(Collected data entries)
* * *

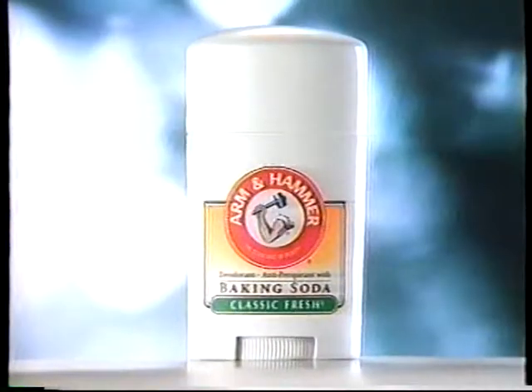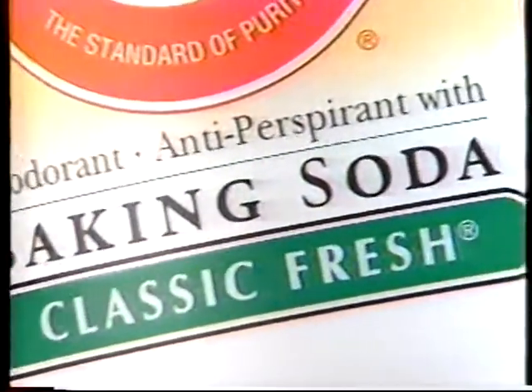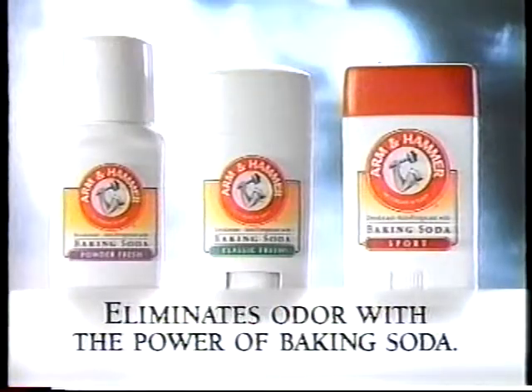Or, arm yourself with Arm & Hammer antiperspirant — the only one that absorbs and eliminates odor with the power of baking soda. Arm & Hammer antiperspirant.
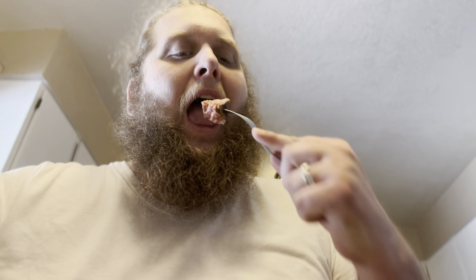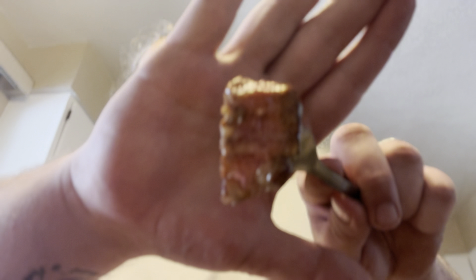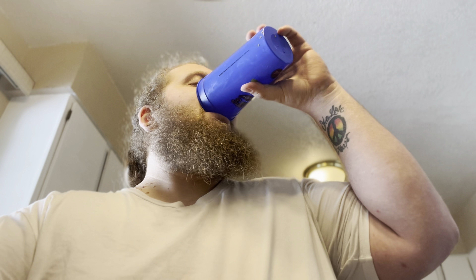Going to grab a bite. Mmm. Chowing this down. Last bite. Delicious. Man, this steak is so good — it's been marbled deliciously, covered in all this butter. Well, that was delicious. Very tasty.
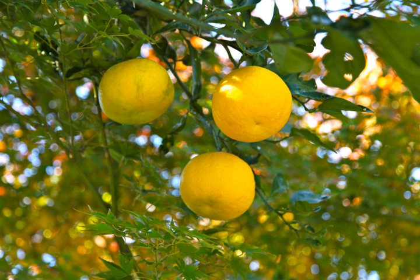Yuzu kosho, also yuzukosho, literally 'yuzu and pepper,' is a spicy Japanese sauce made from green or yellow yuzu zest, green or red chili peppers, and salt. Slivered yuzu rind is also used to garnish a savory, salty egg pudding dish called chawanmushi, as well as miso soup; it is often used along with sudachi and kabosu. Yuzu has also been used extensively in the flavoring of many snack products, such as Doritos.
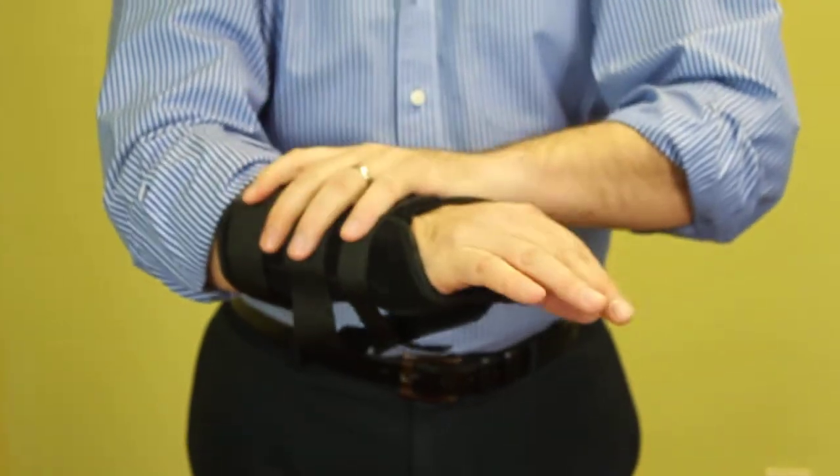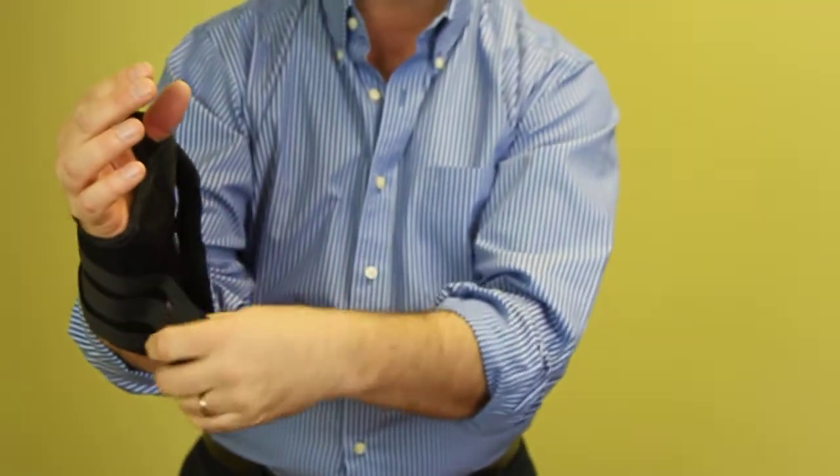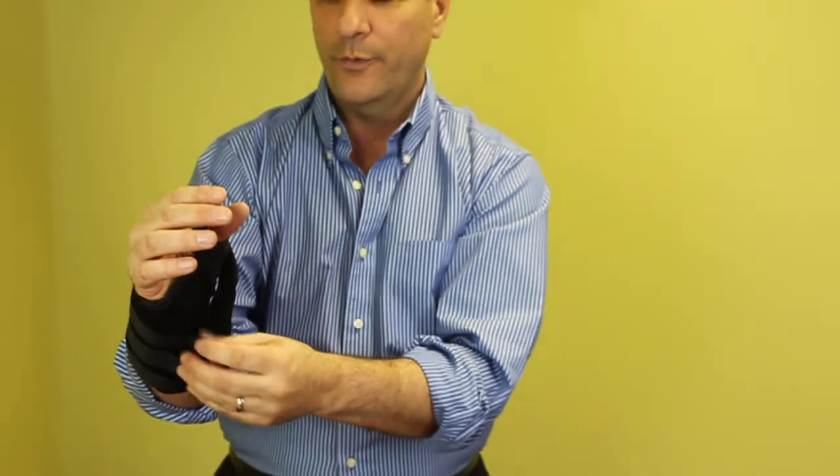Once you have the proper size for your wrist, you can take these straps and cut the excess off, so it's not going to be a hindrance and it would fit exactly for you.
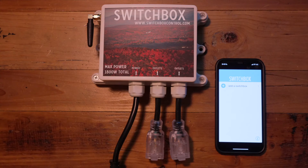Hey everybody, we wanted to update the product video to show you how to use the Switchbox app and the hardware. Once you receive your Switchbox, contact support at switchboxcontrol.com email and get your unique phone number for your device.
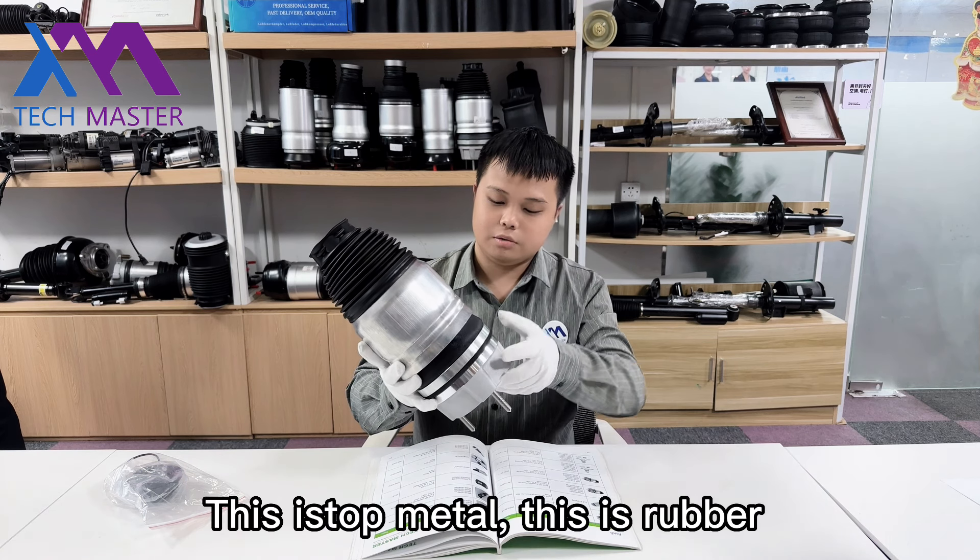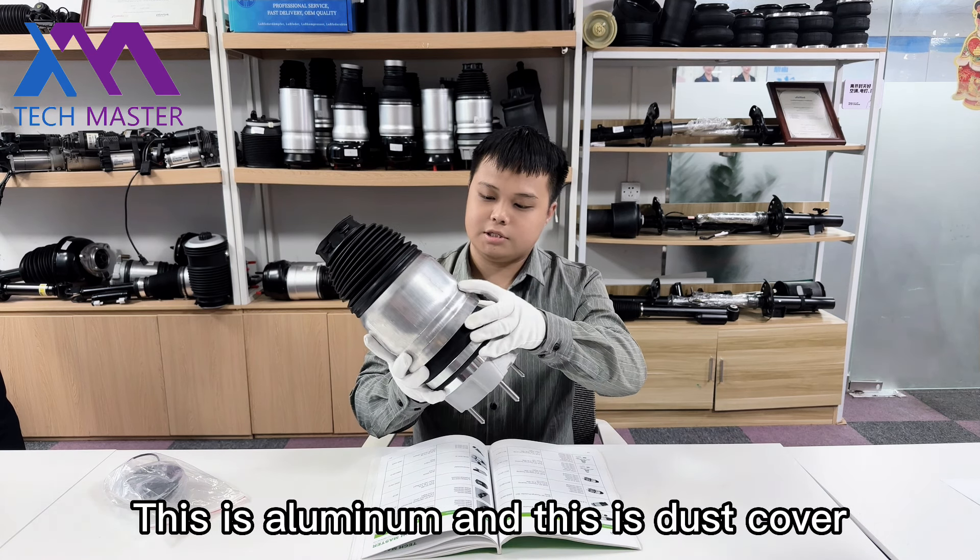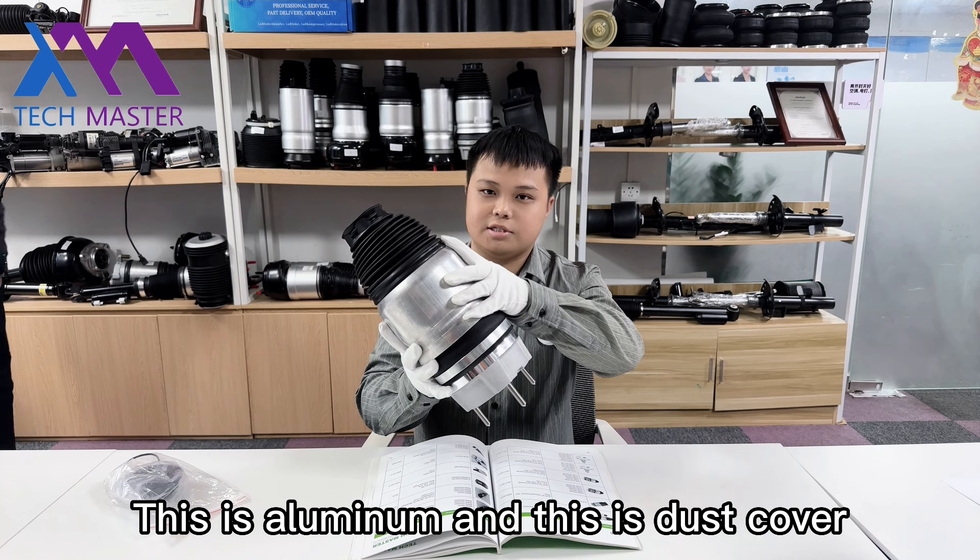This is top metal, this is rubber, this is aluminum, and this is dust cover.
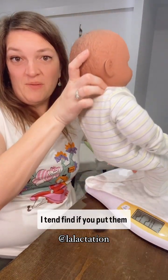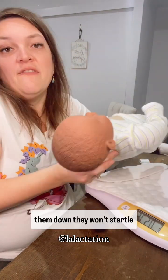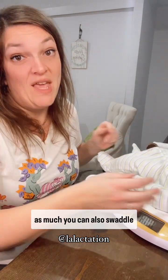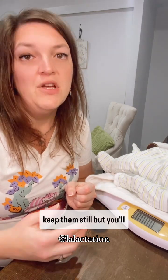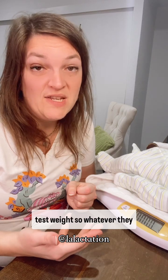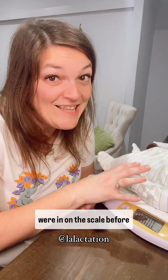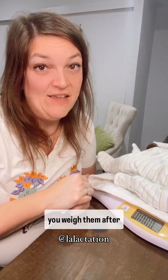I tend to find if you put them down butt to head and gently roll them down, they won't startle as much. You can also swaddle the baby if you need to to keep them still, but you'll then need to swaddle them again when you do your post-test weight. Whatever they were in on the scale before, make sure they're in that same thing on the scale if you weigh them after.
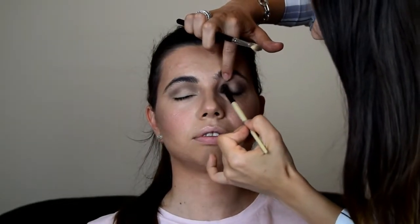The next step is to deepen the inner and outer corner of her eye using the Bobbi Brown eyeshadow in Steel 22. Moving on, I'm going to apply the same colour on the lower lash line as well, just to join the top and bottom together.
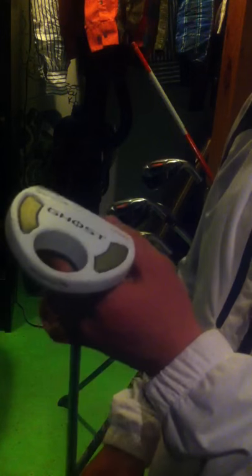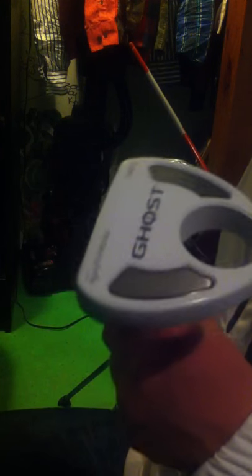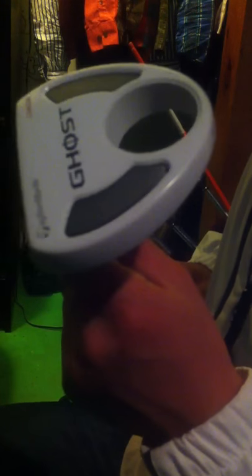My last club is my putter — the TaylorMade Ghost Korza. I've had it for about a year. I'm a TaylorMade guy — the only non-TaylorMade clubs I have are the Nike Victory Red S irons. The Ghost Korza is kind of between a blade and a mallet putter. It has a center shaft, which gives me more accuracy on rolling putts. It's a really great putter and I do recommend trying it out.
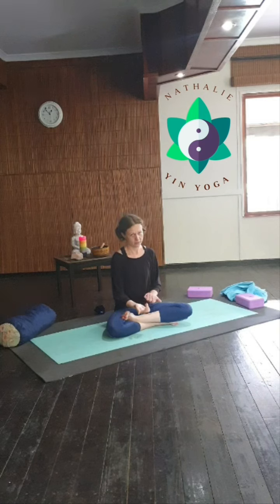I hold every pose for at least 10 breaths — doing sets of 10, 20, 30, or 40 breaths for each pose — and I challenge my students to count how many breaths they take during those sets. Maybe it's more, maybe it's less. So you're breathing deeply: breathe in — one, breathe out — one; breathe in — two, breathe out — two.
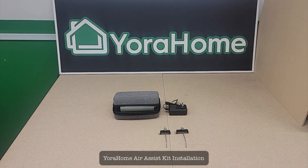Hi there. Today we're going to discuss the installation of your home air assist kit for your diode laser.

* * *

=== Problem ===
What you write out is the stretch of entries from the line containing "Hey everybody, we" to the line containing "This is top", word for word, with both end lines and no pictures.

=== Answer section ===
Hey everybody, we wanted to update the product video to show you how to use the Switchbox app and the hardware. Once you receive your Switchbox, contact support at switchboxcontrol.com email and get your unique phone number for your device.
This is top metal, this is rubber, this is aluminum, and this is dust cover.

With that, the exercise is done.